I'll be honest: sometimes I do a project just for the end result. I know, I know, it's about the journey and the process and the friends you make along the way. I totally get it! But man, sometimes I just realllllyyy want the thing. And it seems like most of the time, the thing is powered by a microcontroller. But I have a simple mind. Much too simple to screw around with wacky custom software and toolchains and to pledge allegiance to some silicon overlord. That's what led me to this project, the CRAPi board.
My two brain cells worked up a storm on this one. I needed the board to be cheap and flexible. I wanted this board to be like ketchup: put that sh*t on everything. That way I could stop thinking about making stuff and actually make stuff. What better sliver of silicon to use for this noble goal than the RP2040? For the price and the PIO capabilities, it fit the bill. That's just the beginning though.
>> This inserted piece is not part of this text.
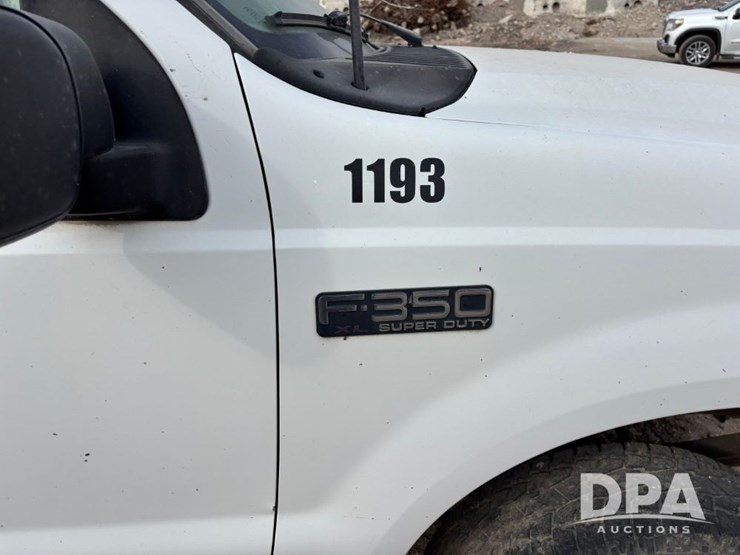 2000-ford-f350-image-41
A wise man once told me "Pads are free, dude." And I took those words to heart. How could I squeeze every last bit of usefulness out of the thing that is literally holding the circuit together? Well for one thing, it meant that I didn't need to mess around with a USB-C connector. Upon seeing my substrate only USB-C pads the wise man promptly replied "Well that's a CRAPPY idea." And oh man was he right, that is a crappy idea. But why not try it anyway?
At it's core the CRAPi board is really about being an all purpose dev board without being too flashy about it. What was supposed to be an awful little weekend project to see if you could really make a USB-C connector just out 0.6mm PCB turned into months of purely indulgent feature creep, masochism, and thoughtful design PCB design that borders on unhealthy.